Aquellos que hemos seguido los procesos de reforma recientes a nuestra Constitución, particularmente el que culminó con la aprobación de la actual, sabemos que ha habido una gran ilusión con el tema de poder realizar un proceso a través de una asamblea constituyente elegida para redactar dicha reforma, lo que fue reclamado en ocasión de la amplia reforma realizada en el año 2010 y no fue aceptado, habiéndose decidido fuera realizada por una comisión de expertos, la cual realizó diálogos a nivel nacional para recibir comentarios como una forma de mitigar el reclamo.

Como parte de los acuerdos para salir de la crisis político-social que vivió Chile en el año 2019 se realizó un plebiscito constitucional en octubre del año 2020 mediante el cual los chilenos eligieron una comisión constituyente de 155 personas para redactar la nueva Constitución y sustituir así la de Pinochet, habiendo ganado más de la mitad de los escaños los candidatos independientes, y los izquierdistas consiguieron más de dos terceras partes de estos, lo que les dio el control total del proceso, ya que se requería para aprobar una mayoría de dos tercios.

El pasado domingo 4 de septiembre se celebró un nuevo plebiscito en Chile para aprobar o rechazar la propuesta de nueva Constitución, votación en la que debutaba el voto obligatorio y la inscripción automática, en la cual el rechazo ganó por un margen abrumador de 62%, y aunque las últimas encuestas que podían ser publicadas dos semanas antes del plebiscito ya proyectaban el triunfo del rechazo, se pensaba que el impulso del presidente Boric a esta podría inclinar la balanza o que el resultado fuera más reñido, jamás que fuera tan apabullante como resultó, pues venció cómodamente en todas las regiones del país, incluso en la capital con un 55% , un bastión clave en la reciente elección del presidente.

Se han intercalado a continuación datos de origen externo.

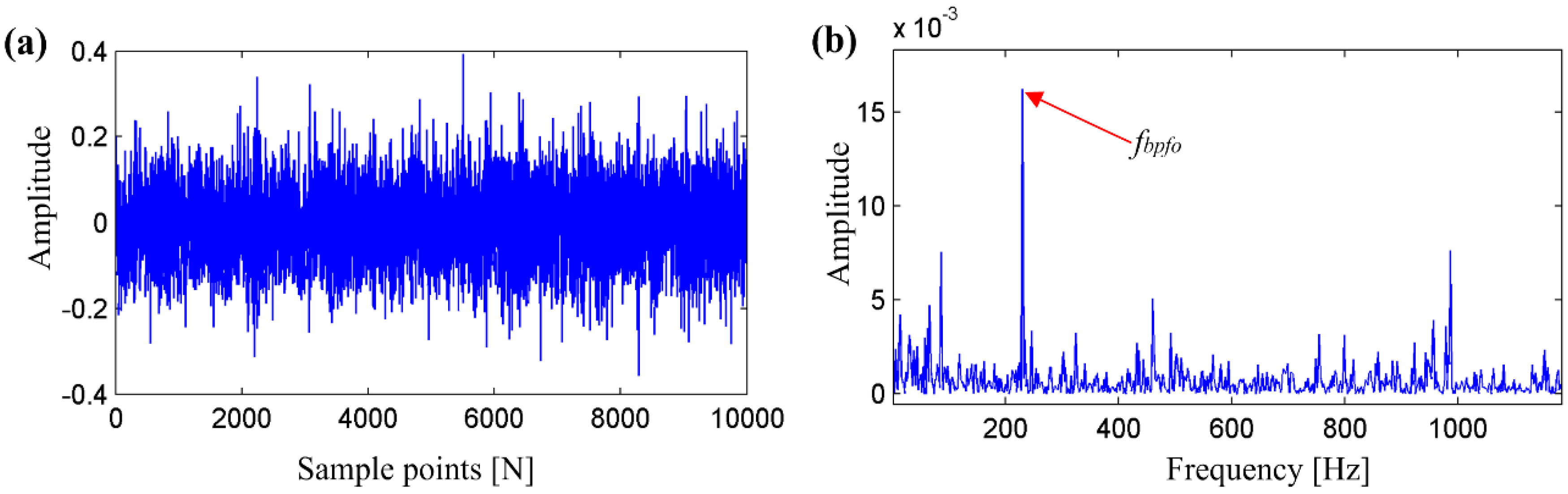 Applsci 07 01117 g021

Como había advertido el expresidente Ricardo Lagos el texto emanado de la convención constituyente no había servido al propósito de “unir a los chilenos”, y además resultó ser una reforma demasiado drástica para ser aprobada en una sociedad dividida, y demasiado amplia, lo que produjo que los rechazos a determinados aspectos eclipsaran las aprobaciones de otros. Una propuesta de 170 páginas y 388 artículos es difícil de digerir, y mucho más de aprobar en bloque, lo que colocaba a los chilenos en la posición de tener que decidir al rayar su boleta si aprobaban o rechazaban temas que resultaron altamente conflictivos como la definición de Chile como un “Estado plurinacional”, lo que significaba que 11 pueblos indígenas que representan aproximadamente el 13 por ciento de la población, podrían haber sido reconocidos como naciones autónomas dentro del país, con sus propias estructuras de gobierno y sistemas judiciales, o la eliminación del Senado,  u otros tan absurdos como pretender convertir en sujeto de derechos a la naturaleza.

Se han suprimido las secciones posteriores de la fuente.